O roteiro, a direção e os próprios atores conseguiram de fato criar bons personagens – e são vários, são uns dez ou mais, que a gente fica conhecendo ao mesmo tempo, e até demora um tanto para entender direito quem é quem. Um pouco à la os filmes de Altman, que citei lá em cima. Não é muita gente que consegue criar tantos e tão diversos personagens e construi-los com solidez, eficácia.

Mary gostou especialmente da avó de Lára. Eu me diverti com a avó de Lára, é claro – mas Mary me fez ver que a personagem dela é muito melhor, muito mais rica do que eu havia percebido. Para mim, tinha parecido só uma velhinha engraçada, às vezes esquecida de tudo (uma hora lá, ela se vira para a noiva e pergunta por que está vestida tão bem, como se fosse para festa), às vezes nem tanto. Imaginei que era uma velhinha com começo de Alzheimer, ou simplesmente com começo do que antigamente a gente chamava genericamente de esclerose. Mary viu mais longe: a avó de Lára é uma grande safada, esperta; ela usa o fato de ser velha e parecer estar com início de Alzheimer ou esclerose ou o que for para se divertir, fazer o que bem entender. Ligou o foda-se e industrializa a própria idade, a danada, a marota.

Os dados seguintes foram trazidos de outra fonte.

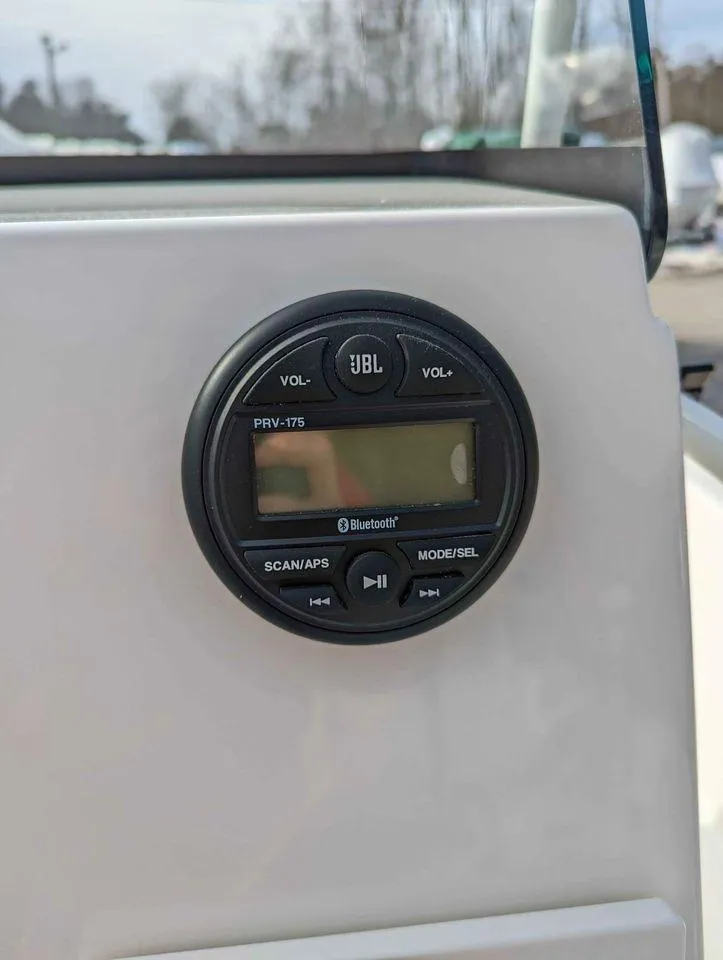 Slide: The Image of JBL Bluetooth stereo system on 2023 Sundance DX22 boat console. - 11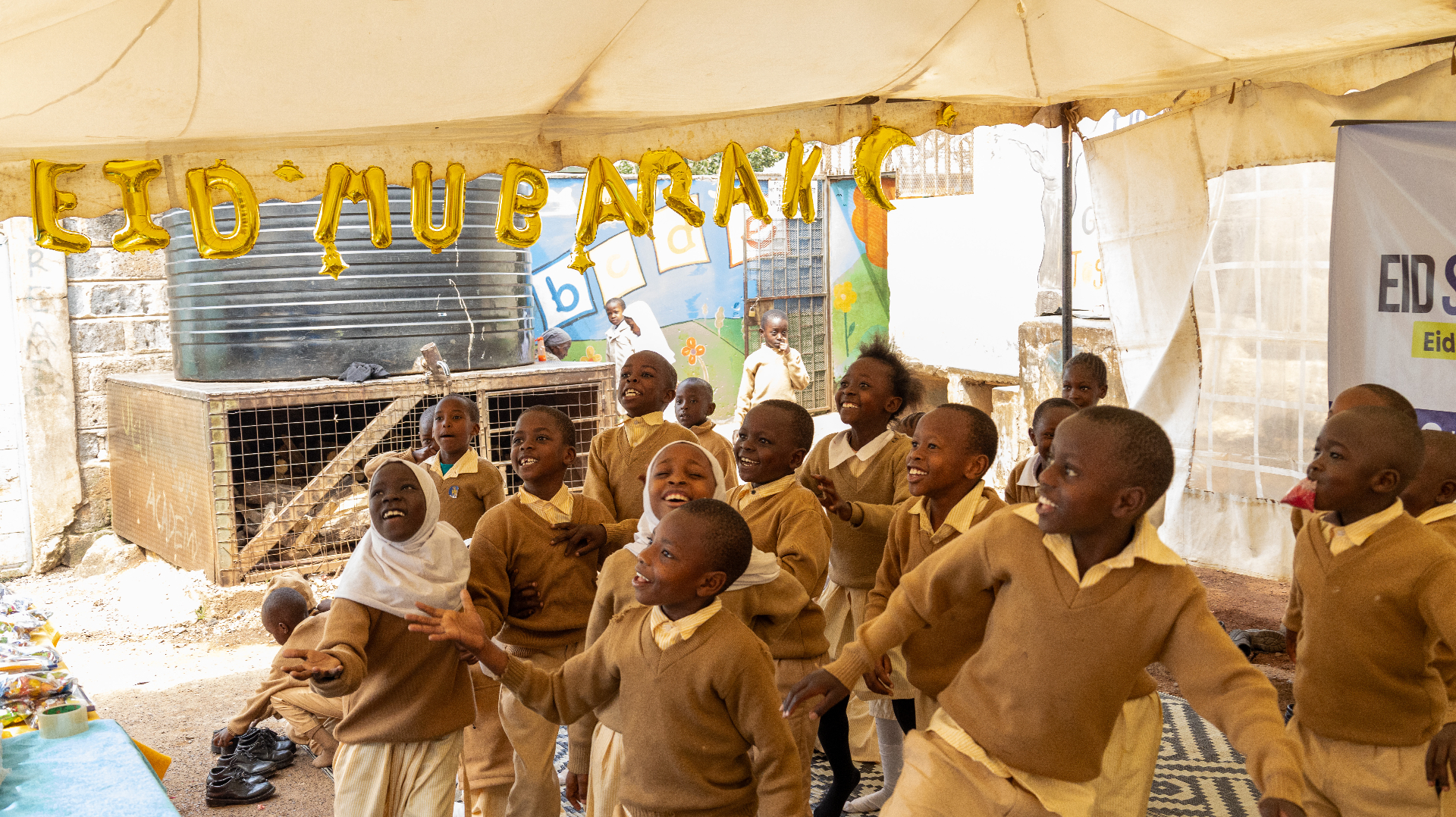 Children laughing and cheering beneath a gold Eid Mubarak balloon banner at HDF's Eid celebration in Kenya.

É isso mesmo. É bem isso mesmo – uma amostra de como o filme soube construir bons personagens.

         Toda generalização, todo estereótipo é burro

Lá no começo, citei Monicelli e sua comédia sobre parentes serpentes. Não foi à toa a citação de um italiano.

Depois de ver esse filme islandês, fica ainda mais forte aquela velhíssima noção de que essas generalizações que costumamos fazer, essas simplificações, esses estereótipos em relação a nacionalidades, a regiões – os franceses são metidos, presunçosos, os italianos são românticos, passionais, os escandinavos são gélidos, os alemães são frios, metódicos, organizados, os mineiros são introspectivos, os cariocas são malandros, os baianos são preguiçosos, etc, etc, etc, etc – são a maior besteira que pode existir. Há gente metida, presunçosa, romântica, passional, gélida, metódica, organizada, introspectiva, malandra, preguiçosa, em absolutamente todo lugar sobre a face da terra.

Isso para não entrar no terreno mais minado ainda que é a generalização, a simplificação, a estereotipação por “raças” – o branco é isso, o preto é aquilo, o índio é aquilo –, até porque, como todo mundo sabe, menos os racialistas, os supremacistas de todos os tipos, dos nazistas ao povo da Ku-Klux-Klan, passando pelos defensores das cotas e das quilombolas e privilégios do governo Lula, só existe uma raça.

Os islandeses que esta deliciosa comédia nos mostra são tão passionais quanto os italianos de Monicelli ou os espanhóis de Almodóvar.

O filme, a rigor, só tem um grande defeito: a câmara da diretora Valdís Óskarsdóttir é nervosa demais. Quase todas as tomadas são feitas com câmara de mão, e uma câmara nervosa, que mexe demais, deixa o espectador meio tonto.

         Os dois filmes islandeses que vi são road movies. Logo…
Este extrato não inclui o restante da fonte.